卯年生まれとして忘れられないのは、小学生低学年の時に学校で教諭が読み聞かせしてくれた絵本のことです。十二支の動物がそれぞれの国に住んでいるのですが、当初、兎は十二支に入っていません。領地が隣り合わせの虎と龍が、自分こそが最強であると主張してイザコザばかり起こしています。そこで神様が見張り役として虎と龍の間に兎を配置することにするのです。兎は虎と龍が戦いの準備をしていないか、ちょっとの音も聞き漏らさないように耳をそばだて、夜も寝ないで見張りを続けます。そのため、兎の耳は長くなり、目は充血して赤くなりました、というお話です。同級生一同、自分達の干支(えと)でありながら、何と不憫(ふびん)な役割だろうと悲しく思ったのを覚えています。
1年間に生まれた人間が皆同じ性格であるはずがなく、卯年でも気性の激しい者もいれば穏やかな者もいるのは当たり前ですが、先入観かも知れませんが卯年生まれはやはり穏やかな者が多い印象を持っています。特に私の年は癸卯(みずのとう)で、卯年の中でも温和な性格が多いとされているようです。ちなみに、この文章を書くに当たって、生年ではなく自分の誕生日の六十干支を調べてみたところ、癸酉(みずのととり)でした。癸酉もゆったりゆるやかな性格とされているようです。しかし、自分もそれなりにおとなしい性格と思っていますが、時間に追われたり疲れていると、イラついたり、他人に必要以上に強く当たってしまったりします。卯年生まれとして恥ずかしい限りで、まだまだ癸卯としての精神修練が必要です。

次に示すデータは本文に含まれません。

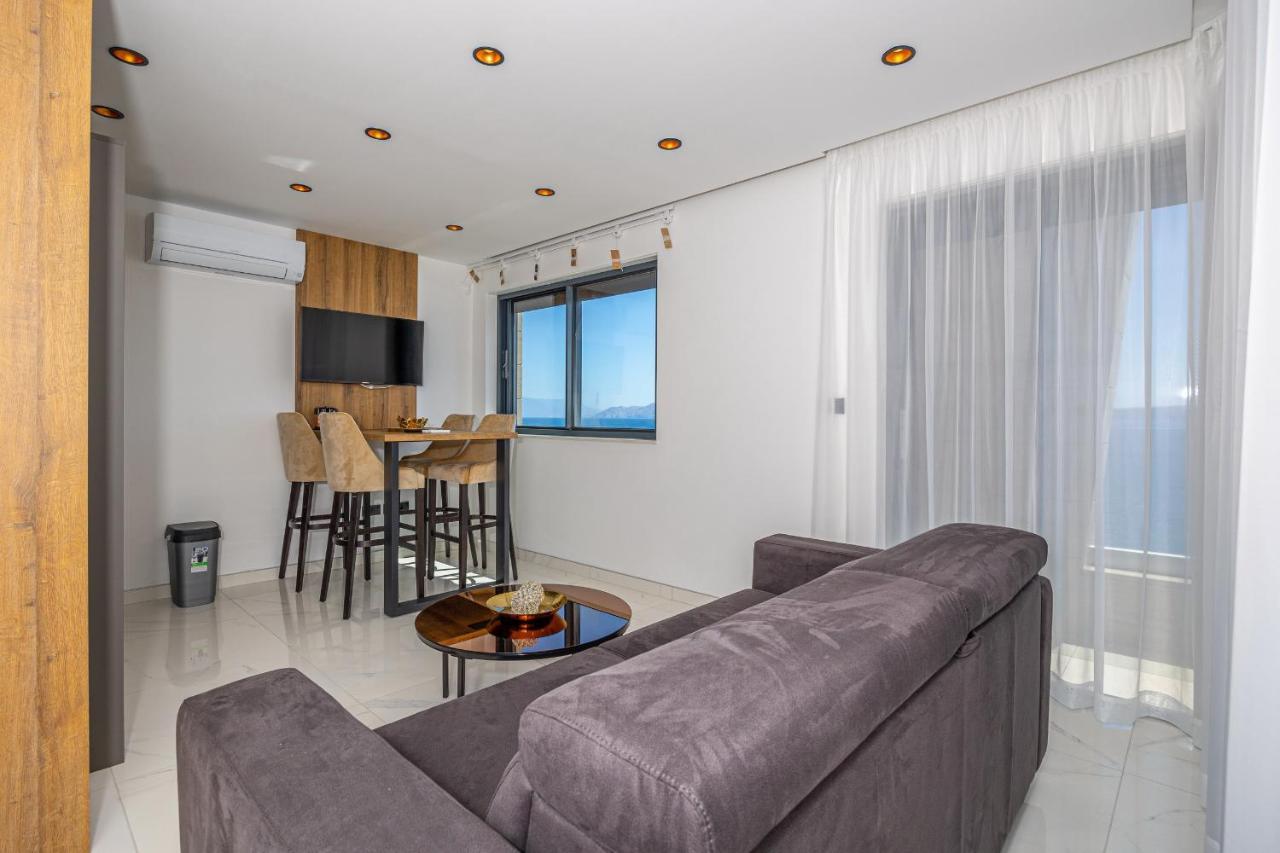 Apartment Lana Crikvenica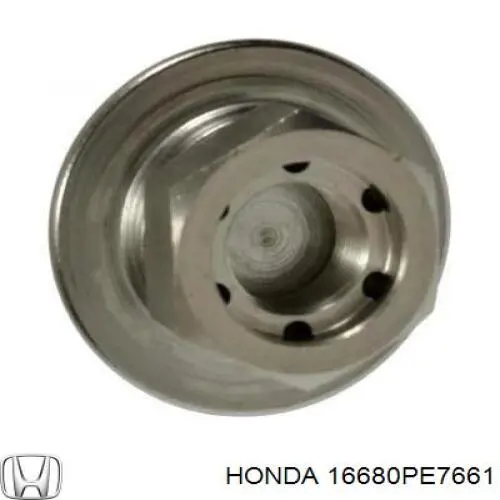  Honda 16680PE7661 precio, desde  EUR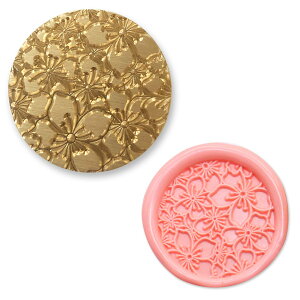 yzneliege V[OX^v V[ObNX 25mm wbĥ Pi X  TCYF35-̉Ԃт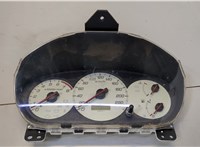 78100S5SE13 Щиток приборов (приборная панель) Honda Civic 2000-2006 20553793 #1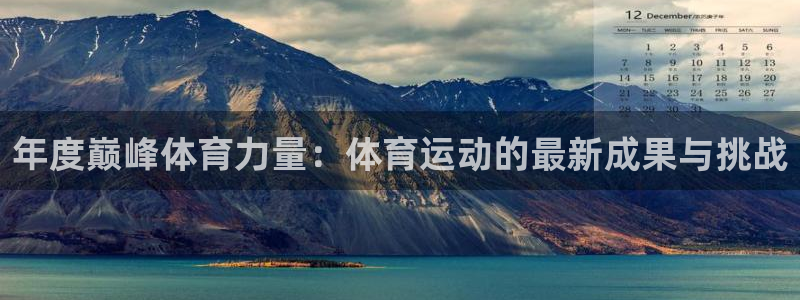 vsport体育在线官网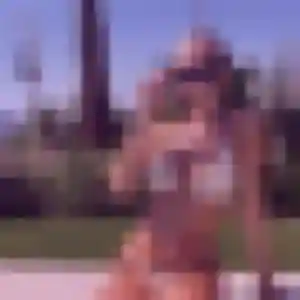 Brune de Ernée, 27 ans - rencontre sexy en toute liberté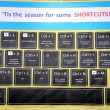 computer-shortcuts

干支に思いを馳せる時に外せないのは、3年下が丙午(ひのえうま)の年であることです。「丙午の女性は気性が激しく、結婚すると夫が早死にする」という迷信を、私の親や祖父母の世代はかなり信じていました。私の実家は東京の下町の自営業者でしたが、小さい有限会社とは言え高度成長期の時代であり、若い従業員がそれなりに多くいて、彼らに食事を提供する賄い役のおばさんが一人住み込みで働いていました。そのおばさんは丙午生まれで独身でした。彼女のことを嫌う人も少なからずいて、「丙午の女はやっぱりキツイ」みたいなことを言っているのをしばしば耳にしました。しかし、その賄いさんは私のことを自分の孫のように可愛がり、私には兄と妹がいましたが、「あなたは世界で一番可愛い子どもだ」と言ってよくギュッと抱きしめなどしてくれ、事あるごとに私のことを褒めちぎってくれるのでした。気恥ずかしくも感じましたが、私が自己肯定感を身に付ける上でとても大きな役割を果たしてくれたと思っています。
そして、大学生時代に知り合って、生涯の伴侶として今現在一緒に暮らしている女性も丙午の生まれです。3月生まれで、父親からは「早生まれは本当の丙午ではない」と言われたりしていたようです。結婚の意思を家族に伝えた時は、祖母から「丙午と結婚して大丈夫か」と言われたりしました(祖母は丙午の2つ上の辰年でした)。「兎は大人しいけど意外としぶといから大丈夫ですよ」みたいに答えたように覚えています。
今年の9月には結婚して32年となります。癸卯の男は丙午の女性が側にいてくれると幸福になる、という新たな「迷信」を作れているかなと思ったりしています。